Compared to results derived by the direct method, outlier removal methods and indirect techniques markedly influence the final RIs, whereas data transformation has negligible effects, except for obviously skewed data. Specifically, the outlier removal efficiency of Tukey and iterative mean (3SD) methods is almost equivalent. Furthermore, the choice of indirect techniques depends more on the characteristics of the studied analyte itself. This study provides scientific evidence for clinical laboratories to use their previous data sets to establish RIs.
参考区间(RI)在临床决策中起着重要作用。然而,由于使用直接方法建立 RI 需要耗费时间、人力和财力,因此越来越多的人关注基于先前从临床实验室获得的大数据的间接方法。不同的间接技术结合不同的数据转换方法和异常值去除方法可能会导致 RI 的计算结果存在差异。然而,对此类方法的系统评价很少。

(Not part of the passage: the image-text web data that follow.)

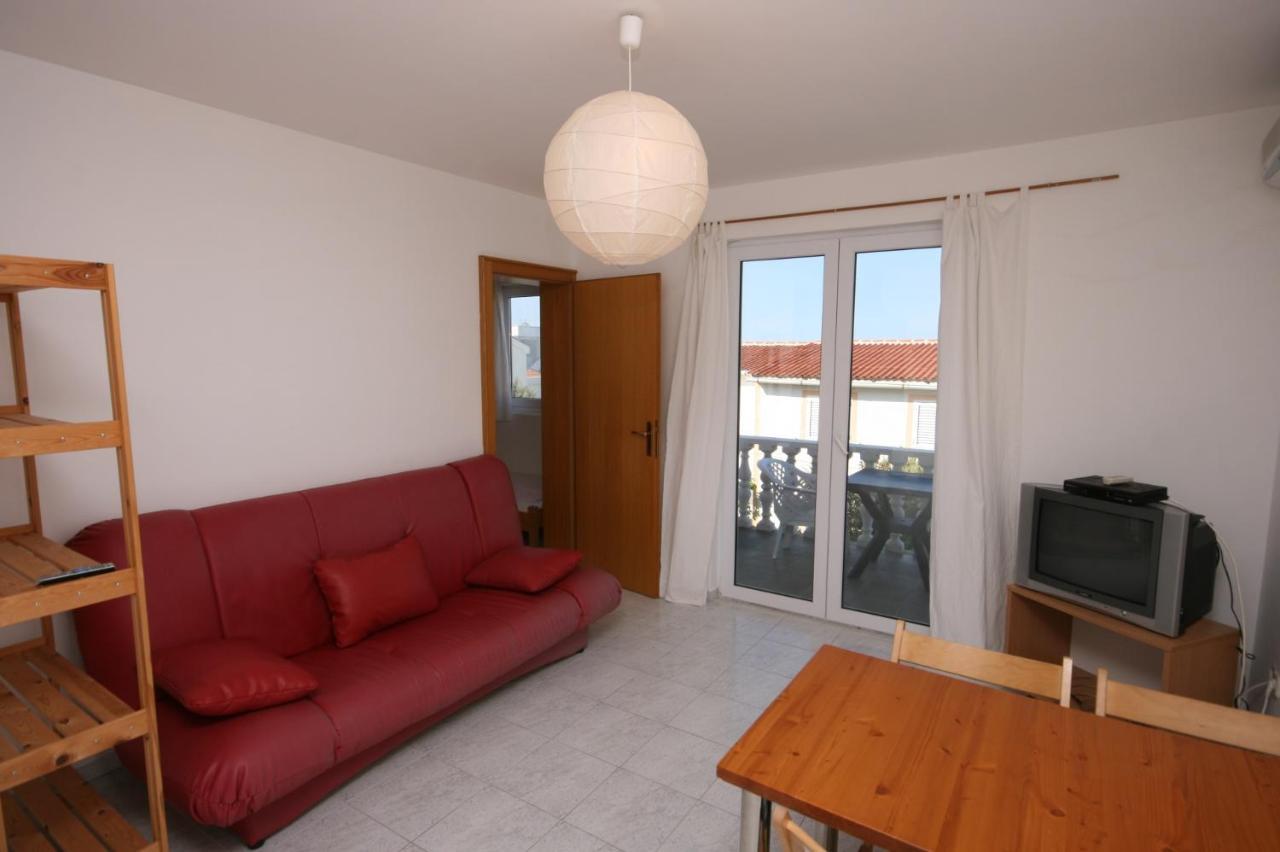 Apartments With A Parking Space Mandre, Pag - 6405 Kolan Extérieur photo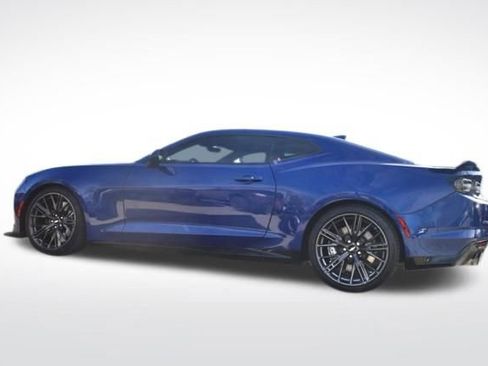Used 2019 Chevrolet Camaro ZL1 image 9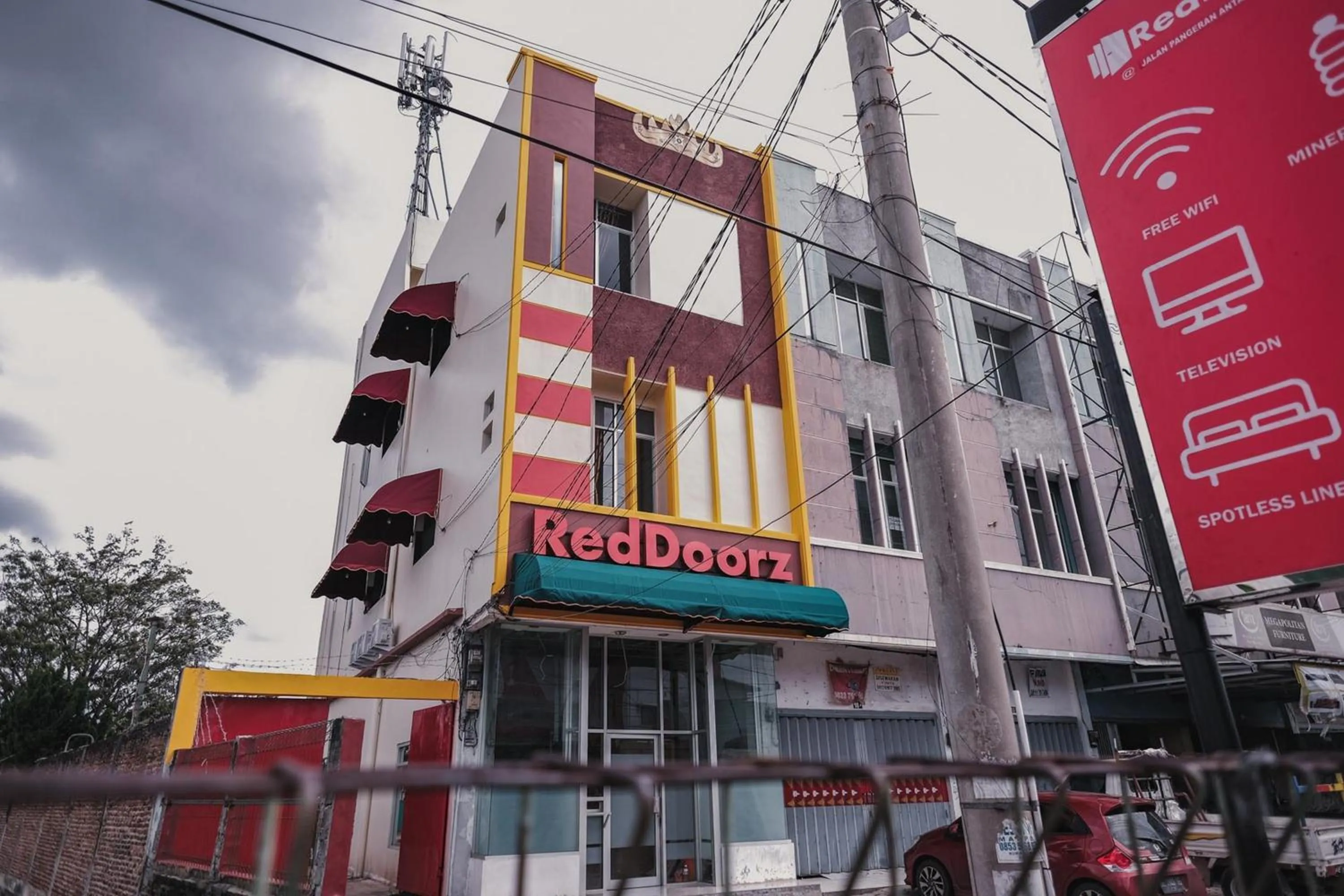 Facade/entrance in RedDoorz @ Jalan Pangeran Antasari Lampung 2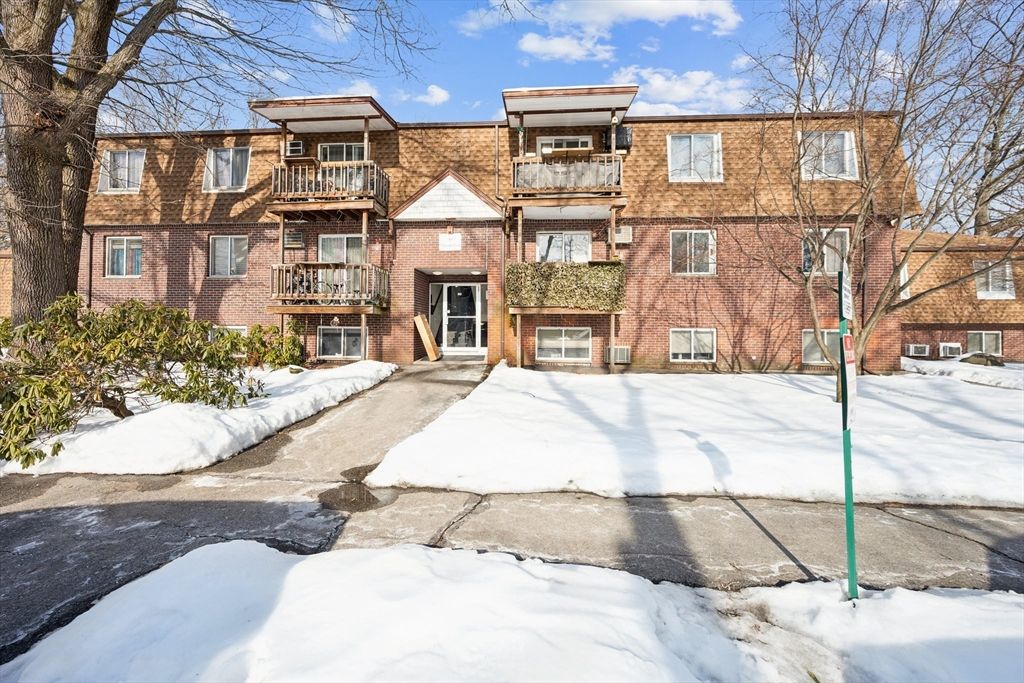 144 Thissell Ave 11, Dracut, MA 01826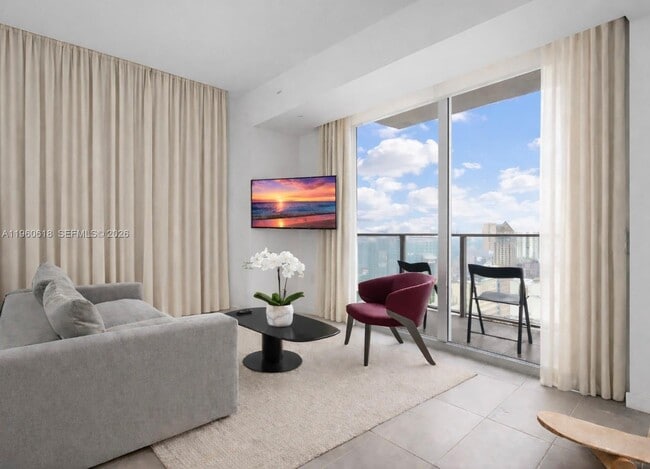 Building Photo - 227 NE 2nd St Unit 2602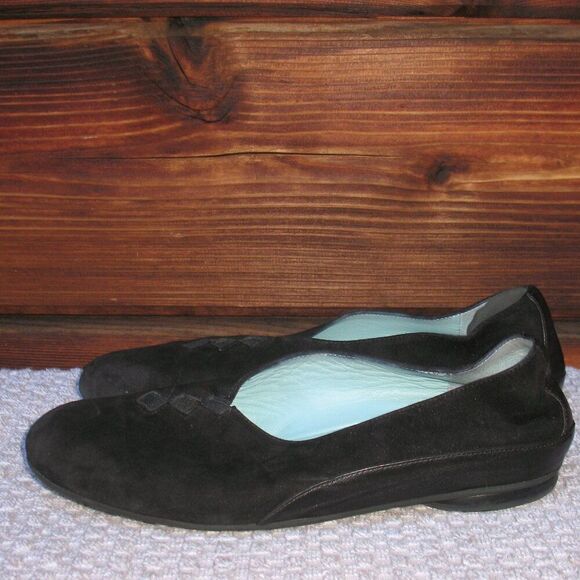 Thierry Rabotin Grace Suede Black Flats - Picture 5 of 10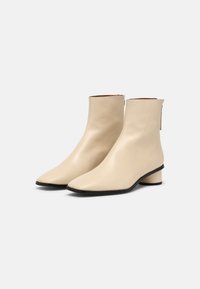ÁNGEL ALARCÓN Kotníkové boty - off-white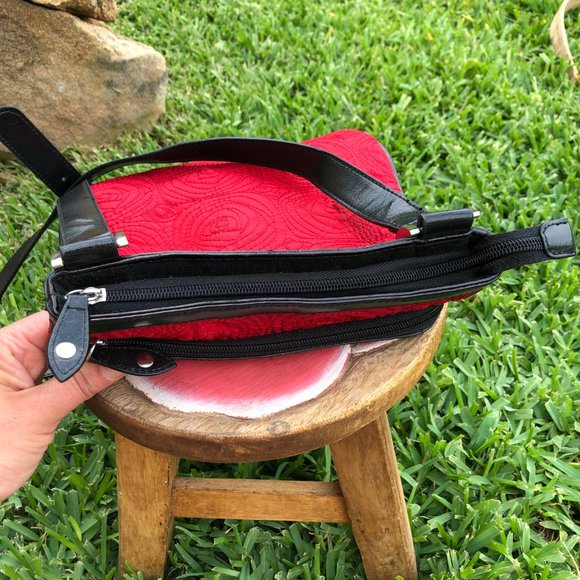 Red Coldwater Creek Crossbody - Picture 3 of 16
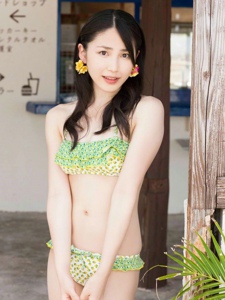 可爱美女吉川友度假泳池比基尼性感写真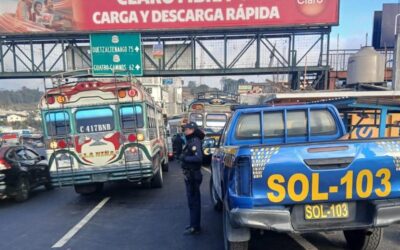 PNC brinda seguridad en parada de buses en Sololá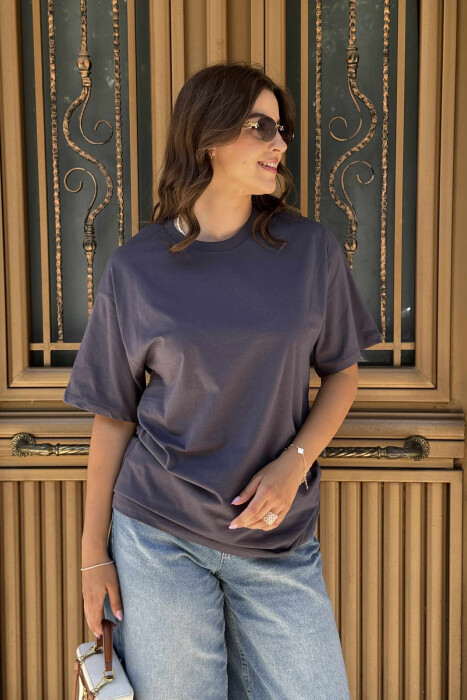 T-SHIRT NJË NGJYRËSH I THJESHTË PËR FEMRA NË NGJYRËN GRI E ERRËT 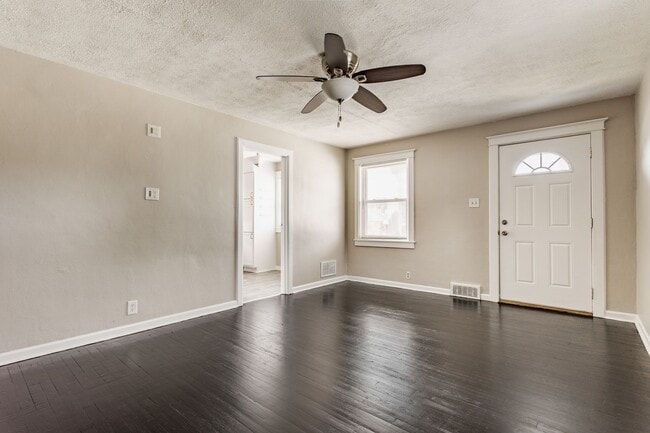 Building Photo - AVOID SCAMMERS!! WE DO NOT POST ON CRAIGSLIST!! Charming 2 Bedroom, 1 Bath brick home a block fro...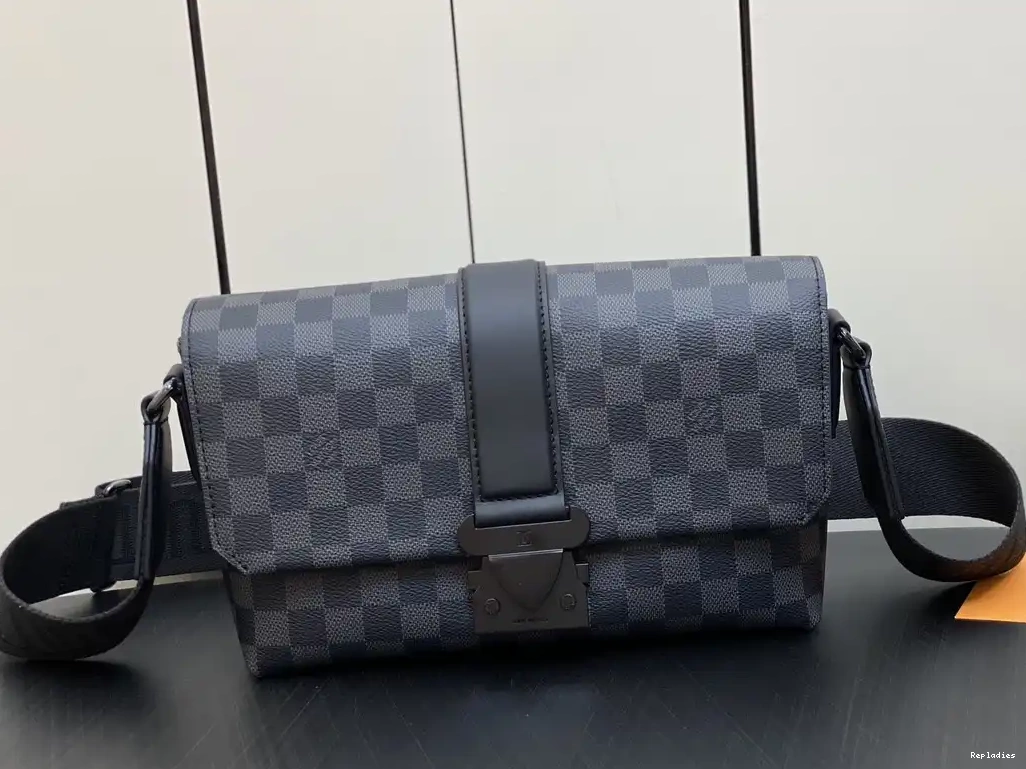 Fake Louis Bags LOUIS VUITTON Messenger S-Cape 0610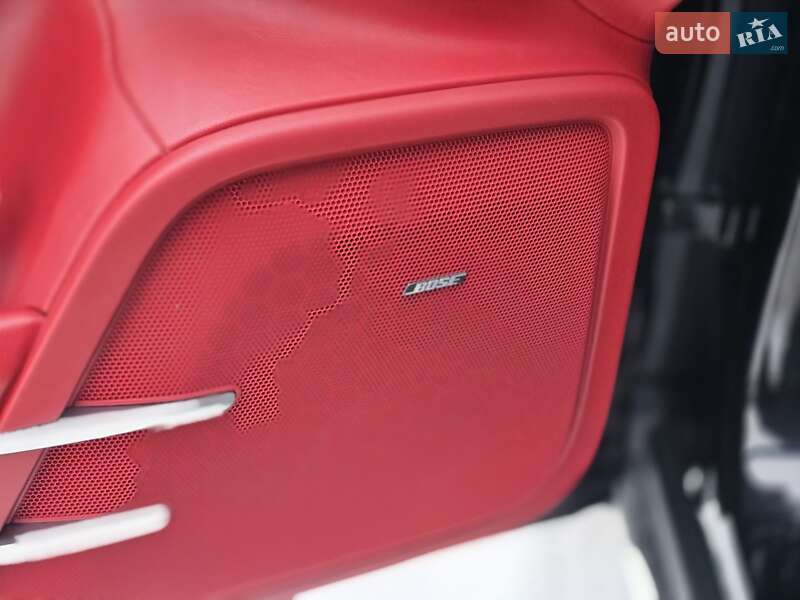 Внедорожник / Кроссовер Porsche Cayenne 2015 в Косове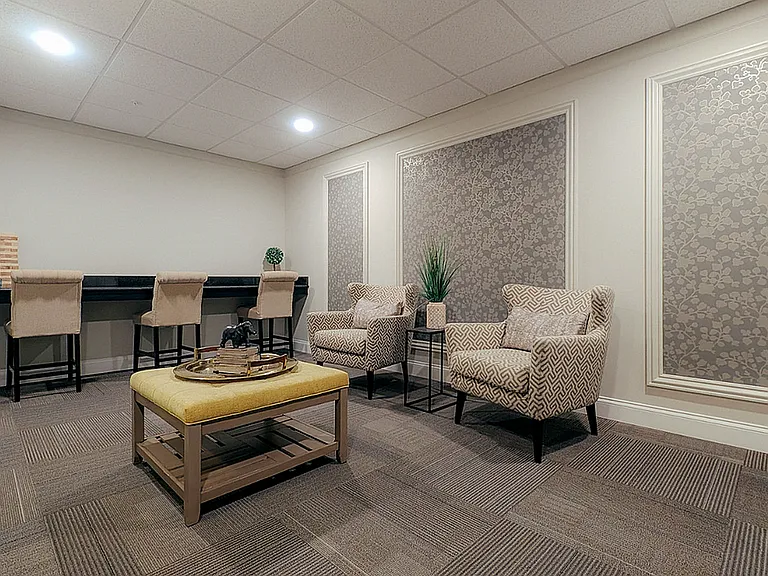 410 - 5th Floor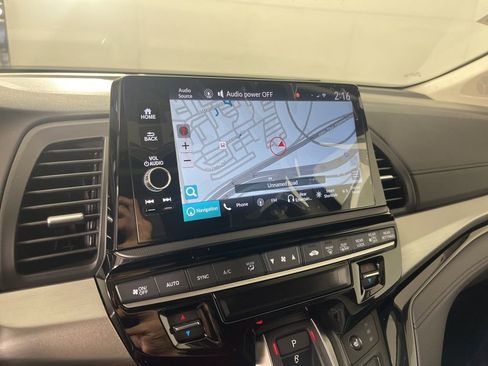 New 2026 Honda Odyssey Touring image 30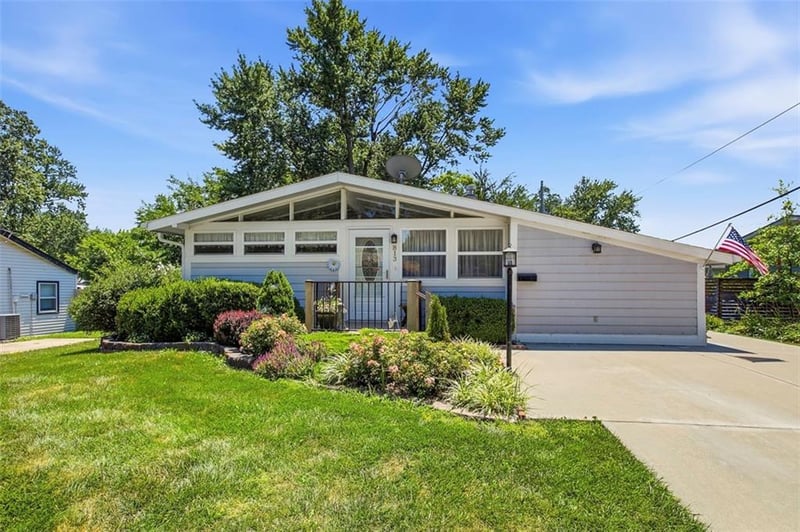 813 Sheridan St, Olathe, KS 66061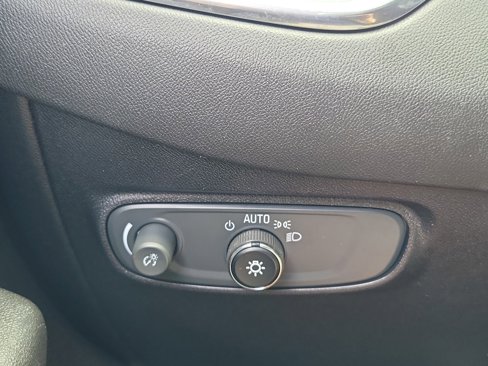 Used 2018 Chevrolet Equinox LT image 26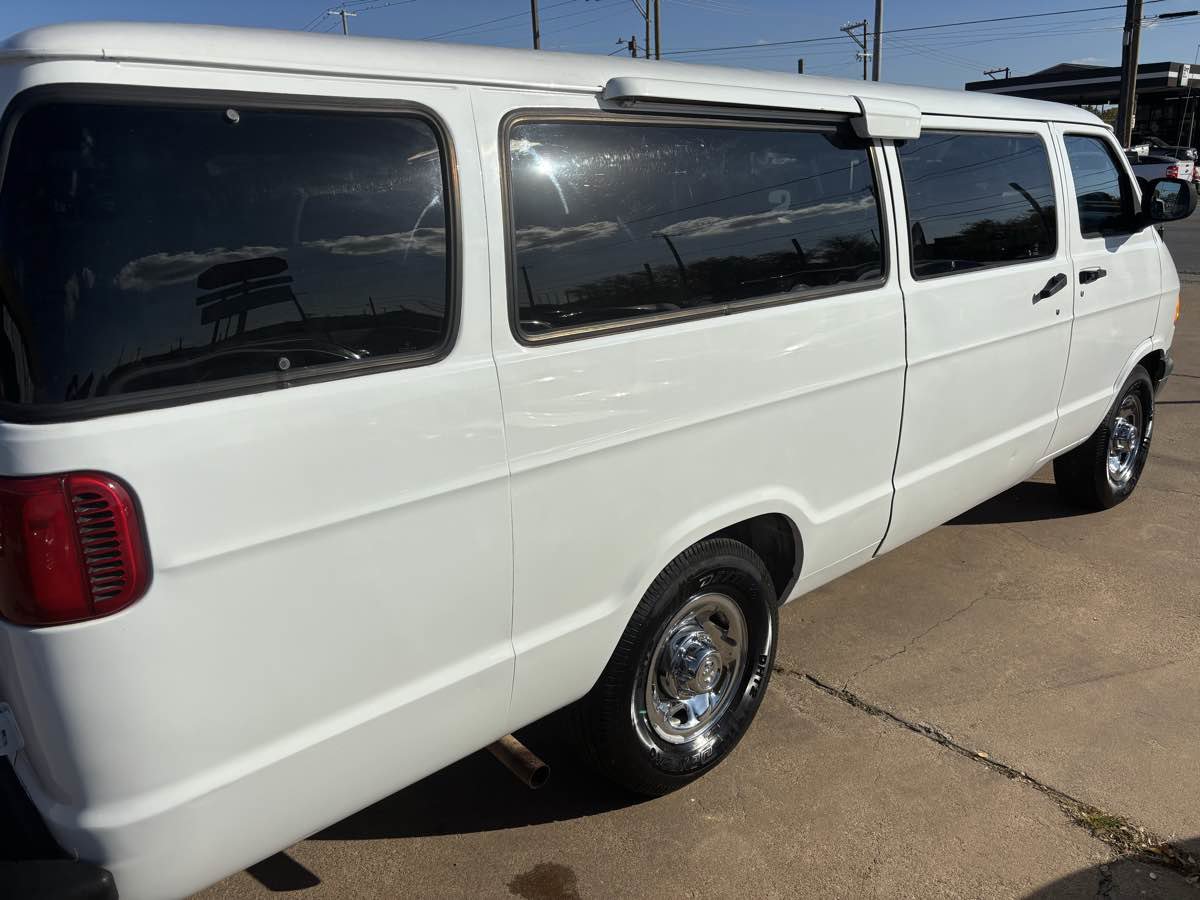 Used 2000 Dodge B3500 image 11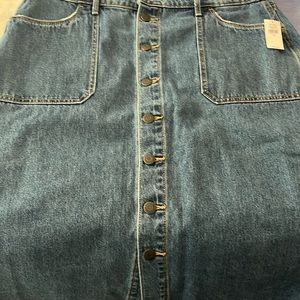 NWT. Old Navy Jean Skirt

本研究使用直接方法获得的数据作为参考标准,评估不同数据转换、异常值去除和间接技术组合在大规模数据中建立完整的血细胞计数(CBC)RI 的准确性。
检索 2010 年 1 月至 2011 年 12 月在中国医科大学附属第一医院进行体检的≥18 岁人群的 CBC 数据。排除重复个体后,我们进行了参数、非参数、Hoffmann、Bhattacharya 和截断点以及 Kolmogorov-Smirnov 距离(kosmic)间接方法,并结合对数或 BoxCox 转换以及 Reed-Dixon、Tukey 和迭代均值(3SD)异常值去除方法,得出 8 个 CBC 参数的 RI,并将结果与直接和先前建立的 RI 进行比较。此外,计算了偏比(BR),以评估间接技术、数据转换模式和异常值去除方法的组合哪个更可取。
原始数据显示,白细胞(WBC)计数、血小板(PLT)计数、平均红细胞血红蛋白(MCH)、平均红细胞血红蛋白浓度(MCHC)和平均红细胞体积(MCV)的偏度程度明显大于其他 CBC 参数。经过对数或 BoxCox 转换并结合 Tukey 或迭代均值(3SD)处理后,这些数据的分布类型接近正态分布。Tukey 异常值去除方法产生的异常值数量最多。WBC(男性)、PLT(男性)、血红蛋白(HGB;男性)、MCH(男性/女性)和 MCV(女性)的下限偏倚大于对应上限偏倚的情况超过 30 种间接方法的一半以上。男女 CBC 参数的计算间接选择不一致。女性 MCHC 的直接方法建立的 RI 较窄。对于这种情况,kosmic 方法明显优于 RI 计算,这与男性具有高|BR|合格率的 CBC 参数 RI 计算形成对比。在男性中具有高 BR 合格率的 WBC 计数、PLT 计数、HGB、MCV 和 MCHC 的前 10 种方法中,Bhattacharya、Hoffmann 和参数方法优于其他 2 种间接方法。
与直接方法得出的结果相比,异常值去除方法和间接技术显著影响最终 RI,而数据转换的影响可以忽略不计,除非数据明显偏斜。特别是 Tukey 和迭代均值(3SD)方法的异常值去除效率几乎相当。此外,间接技术的选择更多地取决于所研究分析物本身的特征。本研究为临床实验室使用其先前的数据来建立 RI 提供了科学依据。